Ralph Collins continued to work as an independent merchant until 1918 when he formed a partnership with William John Pinder and the Honourable John Henry Brown who were exporters of sponge, sisal and turtleshell, and later of wine and spirits. They subsequently became shipping agents and represented many other manufacturing firms.
His business ventures expanded in the 1920’s to include the Collins Land Co.Ltd, involved in harbour dredging, docking and shipping; the Waterloo Hotel Company, in the business of hotels and restaurants which included the building of The Fort Montague Hotel; and a wine spirits and mineral water company trading as the Old Colonial Distillery Company.
It was widely acknowledged that Mr. Collins was instrumental in advancing the economic prosperity of the country with harbour dredging which allowed access to larger steamships; it also facilitated the mail service. The long distance telephone service was established in 1932 and on the 16th December was inaugurated by the Attorney General of Nassau and the Hon. R.G. Collins. He was also active in promoting tourism at that time.

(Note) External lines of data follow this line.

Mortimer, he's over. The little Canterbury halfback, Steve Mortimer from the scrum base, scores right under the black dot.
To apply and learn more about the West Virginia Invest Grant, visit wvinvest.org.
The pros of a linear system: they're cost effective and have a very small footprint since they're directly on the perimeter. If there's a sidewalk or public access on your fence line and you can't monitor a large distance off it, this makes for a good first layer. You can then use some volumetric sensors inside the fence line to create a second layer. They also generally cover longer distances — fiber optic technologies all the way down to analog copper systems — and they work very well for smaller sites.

In 1923 it is reported that Mr. Collins became a naturalised British subject and in 1932 was elected as a member of The House of Assembly for the Crooked Island district, in which position he served for three terms. In 1933 he was appointed a member of the Executive Council and retained his seat by extended terms until 1943. He was also an active member of the Board of Health, Public Works Board, Chairman of The Board of Education and Chairman of the Development Board.
Following the destruction of the original Centreville House in 1929, he re-built it in similar but stronger fashion and this was completed by 1931.

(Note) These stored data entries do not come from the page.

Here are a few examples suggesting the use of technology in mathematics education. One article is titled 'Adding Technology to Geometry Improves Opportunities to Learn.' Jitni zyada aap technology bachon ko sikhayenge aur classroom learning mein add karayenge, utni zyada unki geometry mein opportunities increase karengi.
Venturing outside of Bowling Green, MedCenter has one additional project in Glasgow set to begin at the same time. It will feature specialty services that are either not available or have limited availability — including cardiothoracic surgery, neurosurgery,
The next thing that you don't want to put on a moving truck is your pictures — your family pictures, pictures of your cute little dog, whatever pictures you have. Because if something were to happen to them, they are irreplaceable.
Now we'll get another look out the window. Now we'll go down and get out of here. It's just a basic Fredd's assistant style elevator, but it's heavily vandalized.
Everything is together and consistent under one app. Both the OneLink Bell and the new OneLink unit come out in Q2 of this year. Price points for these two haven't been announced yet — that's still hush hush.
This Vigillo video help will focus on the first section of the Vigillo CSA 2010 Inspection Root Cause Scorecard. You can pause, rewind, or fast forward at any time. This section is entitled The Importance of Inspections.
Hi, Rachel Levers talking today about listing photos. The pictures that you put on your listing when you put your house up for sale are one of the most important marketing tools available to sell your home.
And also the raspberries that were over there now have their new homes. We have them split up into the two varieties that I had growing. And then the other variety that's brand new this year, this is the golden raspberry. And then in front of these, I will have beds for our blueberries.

In 1938 he was appointed Chairman of the Public Establishment Committee and in the following year became Chairman of the Welfare Advisory Committee and a member of the Dundas Civic Centre Committee.

1941 saw him being granted the honour of Officer of the Order of The British Empire in recognition of the services he had rendered as a member of the Executive Council which thus conferred on him the right to use the title Honourable.
Subsequently in 1944 he was seriously injured in a car accident and confined to his home following which in 1946 he resigned from the House of Assembly due to deteriorating health and died 5 months later.